3. Send the invitations via email, facebook, or snail mail. We invited all of his friends and his family because it was also a graduation celebration. Invite friends, but also, whoever you think would enjoy viewing and maybe purchasing some original artwork. Interestingly enough, a lot of people like to shop for and collect works by less renowned artists. They know they can get great deals on fantastic one-of-a-kind originals rather than spend high prices on prints by famous artists. So don’t be shy about inviting as many people as your house can hold. Invite your entire “friend” list. Have the artist invite their “friend” list. Have the postman invite his/her “friend” list. The more, the merrier. Don’t worry, They won’t all come at once anyway.

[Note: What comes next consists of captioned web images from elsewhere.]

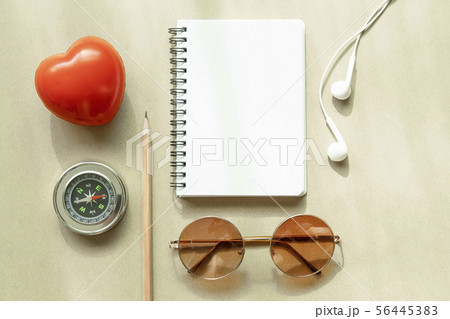 Blank page of opened white notebook with compass, Blank page of opened white notebook with compass, 56445383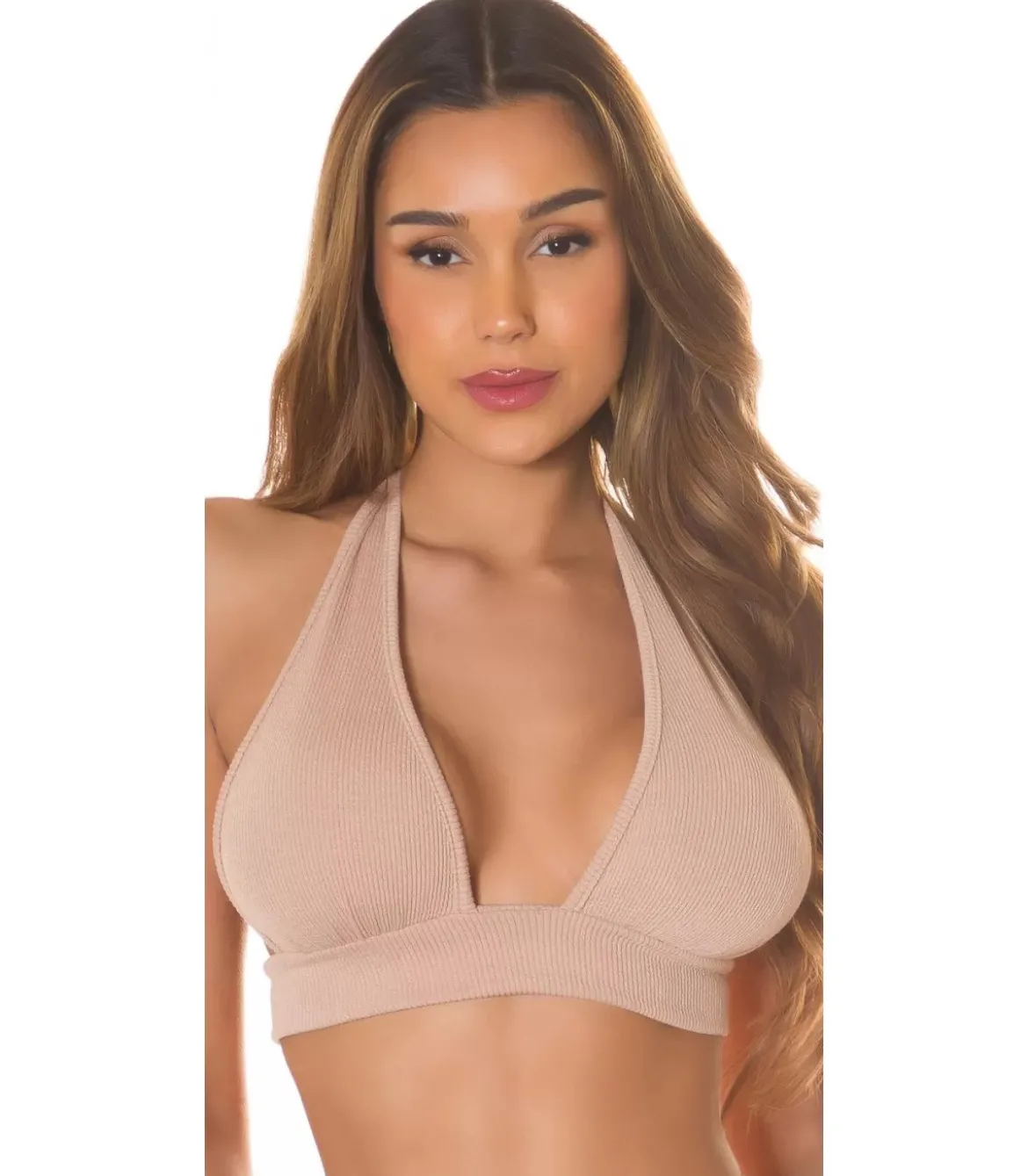 Koucla cappuccino lyhyt halterneck v-ribbitoppi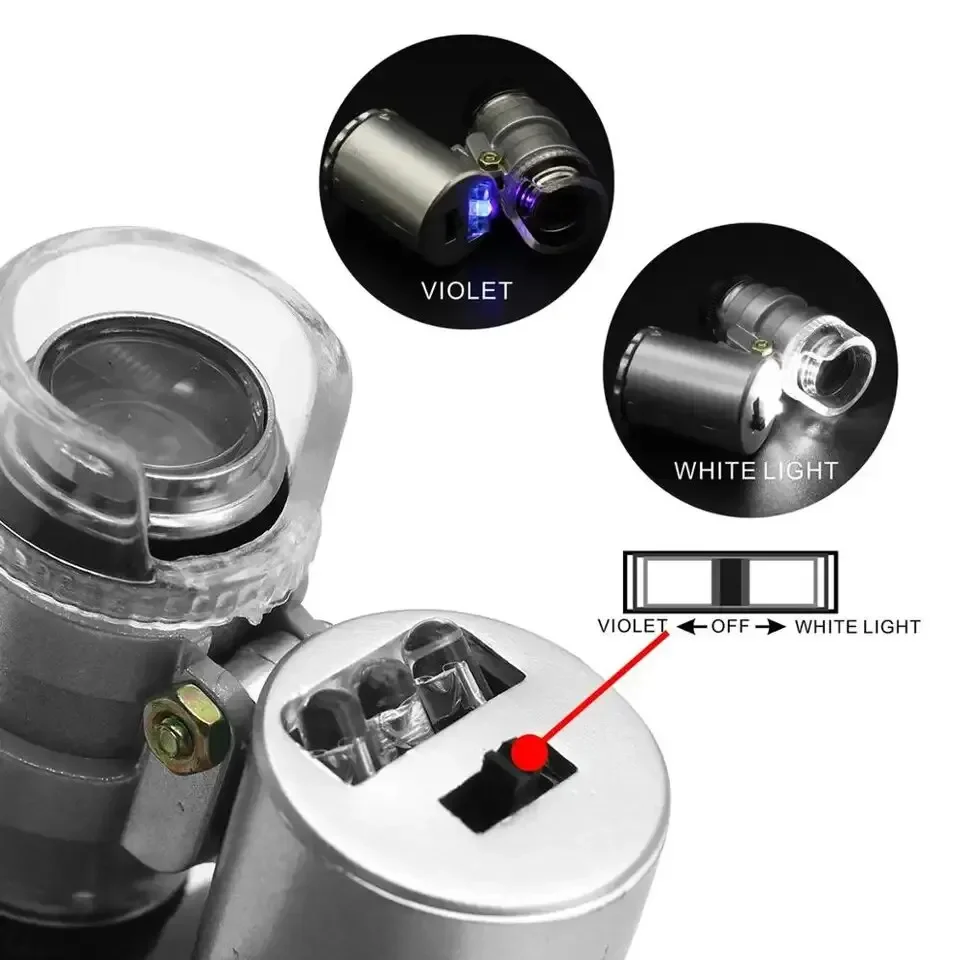 Magnifying Glass Mini 60X Microscope LED Light Handheld High Definition Pocket Jewelry Loupe Portable Currency Detecting
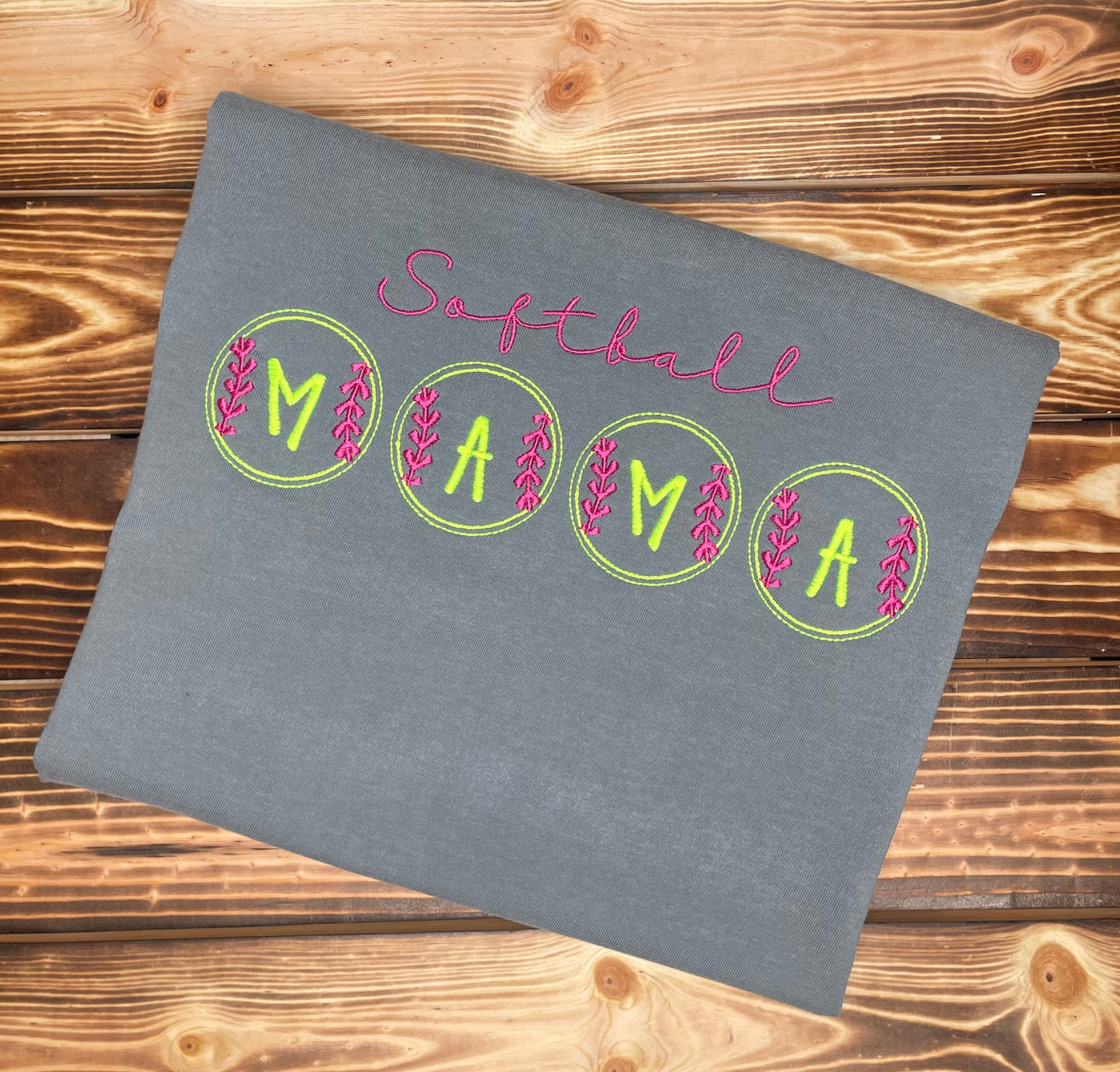 Softball Mama Embroidered T-Shirt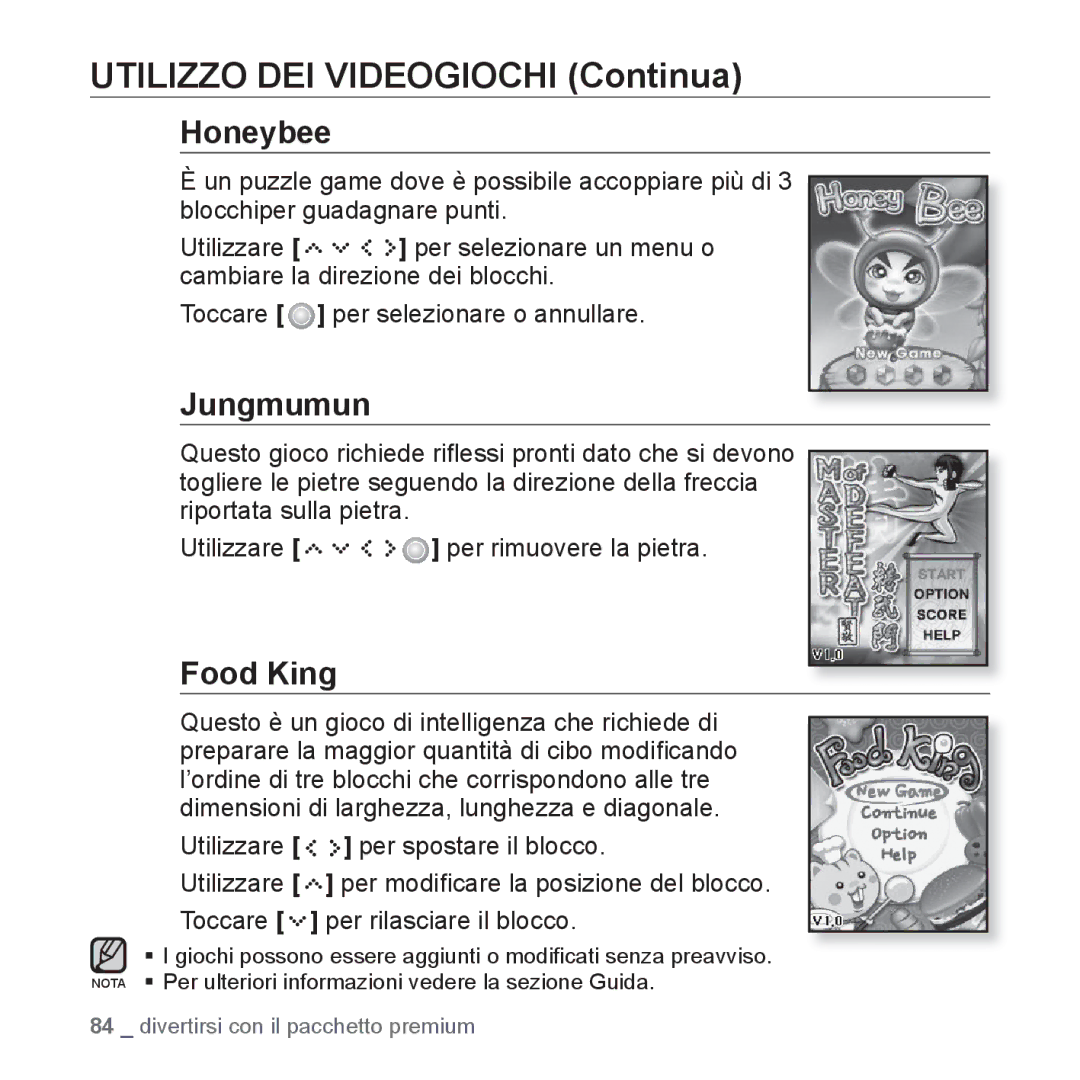 Samsung YP-S5JQW/XET, YP-S5JQB/XET, YP-S5JAW/XET manual Utilizzo DEI Videogiochi Continua, Honeybee, Jungmumun, Food King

4. As the big day approaches, you will need to work with the artist to prepare the prints for display. Have a plan for set-up at least two weeks in advance. Scrambling around at the last minute to try to figure out how and where to put everything won’t be fun, so don’t wait. You want your “gallery” to look as professional as possible. First, because it makes other people take the work more seriously. Second, it will make the artist feel more proud of their work, which will help them talk to others about their process and vision, something they will need to do on the day of the show.
You can buy inexpensive mat board wherever teachers in your area buy education supplies. We paid $4 per 4×5 ft. sheet. Use acid free double-sided tape to attach art to mat board, then to foam core (also at education supply). Press-in or stick-on hanging clips can be found at any framing shop/location. For other types of art, drape a chair with a white sheet (from Goodwill) to display sculpture pieces. Cover cardboard boxes with fabric and place on a covered table to display smaller items like jewelry, clothing or craft items. Make sure each piece of work is completely visible, if possible. Don’t layer.
6. Set up your home gallery two days before the show. Begin by removing as much of your own furniture and décor as is possible. You will want a clean and uncluttered look. We draped our dark couch with a white sheet because it was too big to store and we didn’t want it to compete for color. Inexpensive white sheets can be purchased at Goodwill and used for a lot of display and background. Be creative with how you hang or display the work; just don’t bunch things up. People will want to take time to look at each piece and you don’t want everyone crowding to see all the art at once.
7. The artist will need to make tags (1/2 of blank 3×5 cards work well). The tags should contain the name of the piece of artwork, the size, the medium and lastly, a price. In my experience, a lot of newbie artists will under price their work. Make sure they are valuing their efforts accordingly. Tape cards to wall (not the art pieces) near the bottom right corner. Leave these cards on the wall during show and mark sold through the price as people snatch up the artwork. Have an envelope handy with some fives, tens and twenties to make change and keep checks together. You can also keep track of sales on the outside of the envelope.
8. On the day of the show, prepare some hors d’ouerves or snacks for visitors. Most galleries serve a cheese/fruit tray and two types of wine (a red, a white). Set out the refreshments, light a nice smelling candle and pour yourself and the artist a glass of wine before opening your doors to the art enthusiasts.